My "adventure" with ASR for Irish started a few years ago; I had been interested in it since seeing Star Trek as a kid, but when I started to get involved in NLP datasets were rare, and those that did exist cost large amounts of money.

My master's was in Speech and Language Processing, which was a strange mix of computing and linguistics: as many people that I knew went on to work as speech therapists as went on to be programmers. During one of the phonetics assignments—comparing the acoustic properties of vowels in two dialects of English—not having slept enough, I deleted my working copy of my data instead of the various scratch folders I'd meant to; there wasn't enough time to start again, so I wrote a quick script to wrap CMU pocketsphinx, and used that to find the vowels instead (pocketsphinx is phoneme-based). My phonetics professor is the instigator of the [Abair project](https://www.abair.tcd.ie/), the first speech synthesiser for Irish, so speech recognition for Irish was an item of interest for her, so over the next couple of weekends I scraped some pronunciation data from [the Irish Pronunciation Database](https://www.teanglann.ie/en/fuaim/) and trained a pocketsphinx-based recogniser. The results were not good, but it showed that (multi-dialect) speech recognition for Irish was at least possible.

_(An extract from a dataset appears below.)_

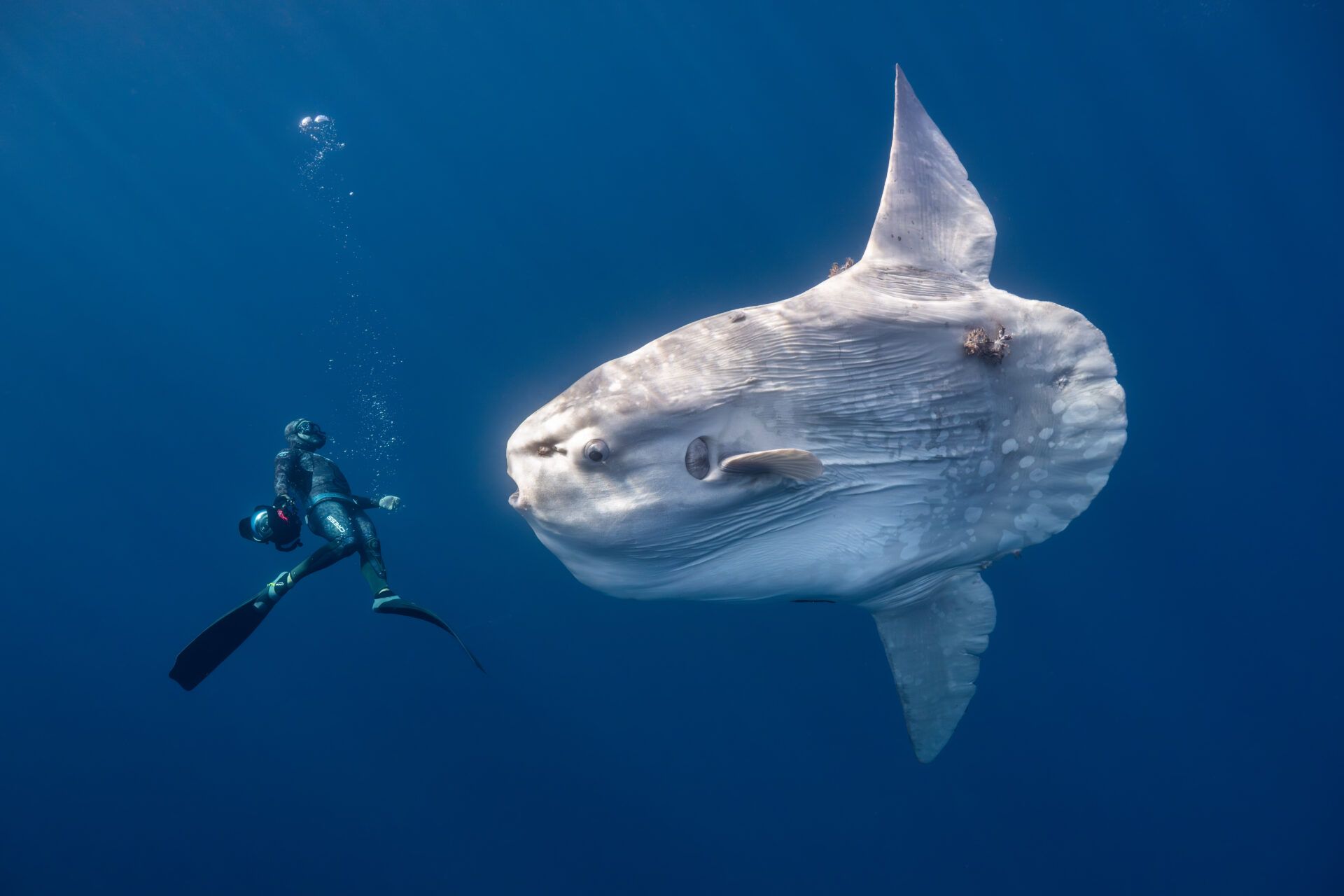 Крихітні морські коники та косатки, які полюють разом: фіналісти Ocean Photographer of the Year 2026 - фото 900618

A year and a half later, I had to write my dissertation. My topic was machine translation: the "Attention is All You Need" paper came out while I was writing, so while it was clear that NMT was the way forward, it wasn't quite as obvious is it is now. Still, I felt like I should try to include NMT. My brother had just bought a new PC, and his old one had a GPU, so he held off on selling it while I wrote, so I could try to include NMT: I'd already bitten off more than I could chew, and this was really too much extra, but because my brother had loaned his PC to me, I felt obliged to make use of it, so the rest of the writing process was a descent into madness: I still have an aversion to machine translation, and I thoroughly burned my bridges with my former supervisor in avoiding her attempts to talk some sense into me. When the thing was finally submitted, I wasn't ready to try to be a functioning member of society again, and my brother didn't ask for his PC back for a couple of weeks, so I went back to ASR, and spent the time figuring out how to train a Kaldi model. The results from the Kaldi DNN model were worse than the GMM model (not enough data), and the GMM results were worse than the Sphinx results.

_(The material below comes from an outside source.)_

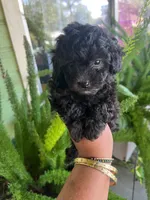 Paco, a male Poodle - Toy  for sale in Lindsay, CA – 1 of 1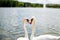 Two beautiful white geese swimming in a lake or pool and doing an heart shape with their heads. Love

Common Voice had launched a little before this, but was originally English-only; when they internationalised the codebase, they had a requirement of at least 1000 sentences to be read per language, and those sentences had to be public domain. For Irish, this was quite difficult: anything that's out of copyright is pre-standard (and difficult to read for most people). It took a while, but eventually I managed to collect the sentences, and Kevin Scannell translated the interface, which was the other major stumbling block.

Finding work after the master's proved to be quite difficult; in the end, I took advantage of the linguistics part, and at the start of the summer, I agreed to take a job teaching English in Poland, to start in September. In the meantime, Abair had branched out to working on ASR; I had a desk in their lab while I was studying there, and it had become like a second home, so while visiting, I shared some data I had collected, and they offered me a job for the summer to collect more. (And if I hadn't taken the teaching job, it's quite possible I would still be working there).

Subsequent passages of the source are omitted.